## What to do:
Beneath this line sits some data. Return only its lines from the one holding "X7 250 ie Euro 3 drawing Silencer" through the one holding "coasters anti dérapants", inclusive, exactly, with the images removed.

─── Extracted data ───

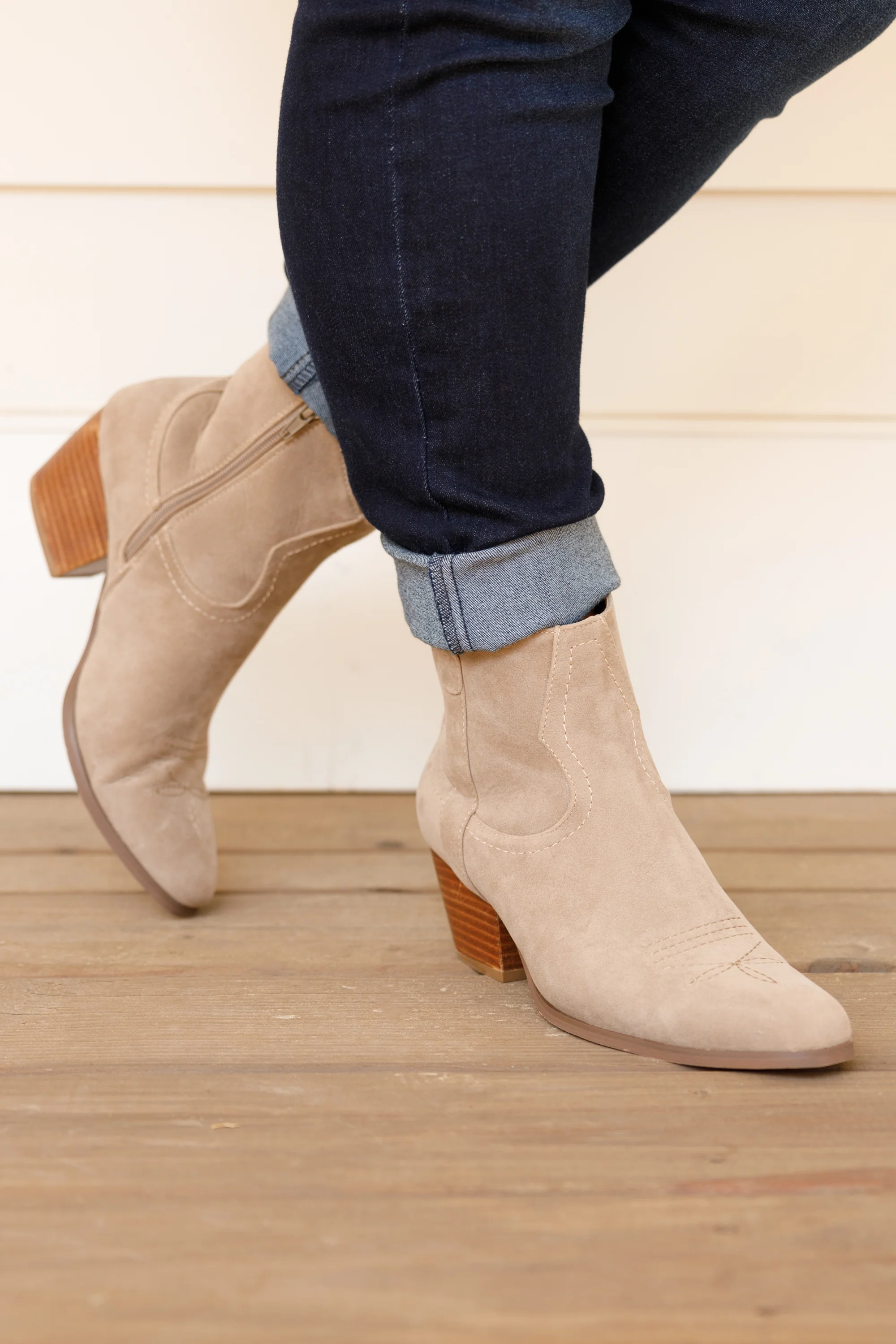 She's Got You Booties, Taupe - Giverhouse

───
─── Extracted data ───

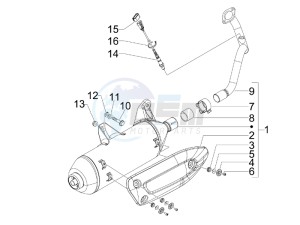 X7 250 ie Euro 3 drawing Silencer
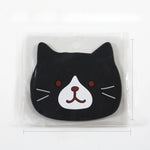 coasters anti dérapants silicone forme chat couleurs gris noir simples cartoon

───
─── Extracted data ───

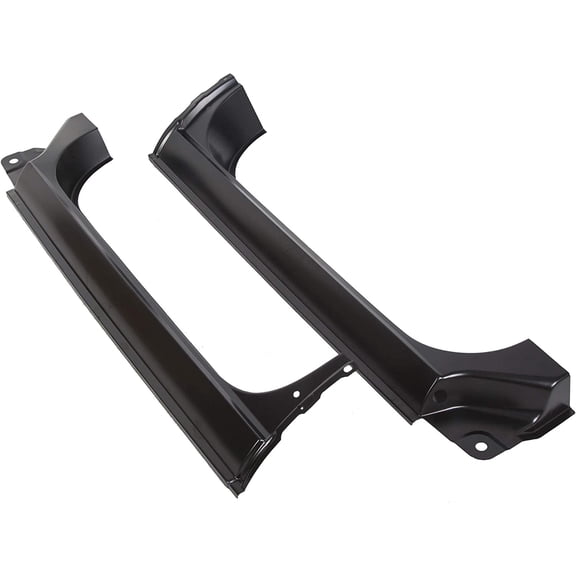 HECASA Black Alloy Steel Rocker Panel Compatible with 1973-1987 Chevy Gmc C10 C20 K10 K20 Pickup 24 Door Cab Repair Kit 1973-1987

───

## Response to the exercise:
 X7 250 ie Euro 3 drawing Silencer
 coasters anti dérapants silicone forme chat couleurs gris noir simples cartoon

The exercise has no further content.